My steering wheel had been vibrating a little too intensely for comfort and I knew I needed two new tires anyway, and since we had all the time in the world to kill, we decided to find a Les Schwab in Bellingham and eat lunch downtown while they hooked me up. Turns out that you can't only get 2 new tires on a 4-wheel drive vehicle, but they ended up charging me $100 less than I was expecting, plus they balanced it which fixed the vibrations and it drove so much nicer with four new tires, so it was fully worth it. I also got to relive an experience I often think about from my days of visiting friends at Western: the potato burrito. Freaking yum.

Now, gentle readers, you might expect that after 3 continuous days together, filled with what could have been high-stress situations that might accompany travel + car troubles, we would possibly be a little sick of each other, and definitely ready to get home. But we proved to be such compatible travel companions that we weren't grumpy but rather still happy to be together, plus avoiding rush hour through Seattle seemed like a good idea, so there was really only one logical choice for our next move: outlet shopping.

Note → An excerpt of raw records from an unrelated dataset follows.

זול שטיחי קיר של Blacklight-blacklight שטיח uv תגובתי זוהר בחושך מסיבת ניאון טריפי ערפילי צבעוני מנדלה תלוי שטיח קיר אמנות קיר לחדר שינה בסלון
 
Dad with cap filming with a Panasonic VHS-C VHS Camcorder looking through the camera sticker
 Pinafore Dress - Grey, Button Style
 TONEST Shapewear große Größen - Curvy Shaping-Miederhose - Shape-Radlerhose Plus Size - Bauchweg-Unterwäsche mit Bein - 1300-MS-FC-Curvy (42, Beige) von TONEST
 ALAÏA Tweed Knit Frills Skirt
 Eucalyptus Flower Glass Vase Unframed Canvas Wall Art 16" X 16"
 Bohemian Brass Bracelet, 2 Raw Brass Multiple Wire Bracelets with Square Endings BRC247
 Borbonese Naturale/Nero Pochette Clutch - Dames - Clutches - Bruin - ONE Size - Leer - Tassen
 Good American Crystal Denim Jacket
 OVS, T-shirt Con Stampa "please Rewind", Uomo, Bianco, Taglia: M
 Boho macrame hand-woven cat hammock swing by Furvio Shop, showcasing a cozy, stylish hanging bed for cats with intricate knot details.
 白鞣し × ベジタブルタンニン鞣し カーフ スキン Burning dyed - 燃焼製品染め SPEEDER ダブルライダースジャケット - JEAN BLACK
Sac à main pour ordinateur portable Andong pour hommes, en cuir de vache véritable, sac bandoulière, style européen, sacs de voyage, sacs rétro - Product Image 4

That's right. We went on vacation. I dealt with the stress of needing 4 new tires. And then we went shopping together. Serious, two-hour-long, multi-store shopping. And you know what? We were just as happy together at the end of those 2 hours. (Insert contented sigh here.)

All good things must come to an end, though, and after stopping off for a view of Seattle I didn't know existed, our vacation was officially over. Here's the view from West Seattle:

I have a feeling this was the first of many vacations together...


Robyn said...

i loooove the post and am so glad you two had a great time. What a great mid week vaycay!!

Erica said...

I love your life too, Archer! :)

jennielohr said...

a new beau - how exciting - looks like life is good - just as it should be!!

Amy said...

bahahahahaha you're just as gross and sappy as me and sergio :) haha i'm glad you are so happy and that you had a good time frolicking in canada :) you guys did so much in so little time, i'm jealous! un beso enorme!

ElizaBeth said...

Erica - Thanks! It's not like your life is too shabby either, Ms. I spend most of my time in Paris. Amy - AM NOT!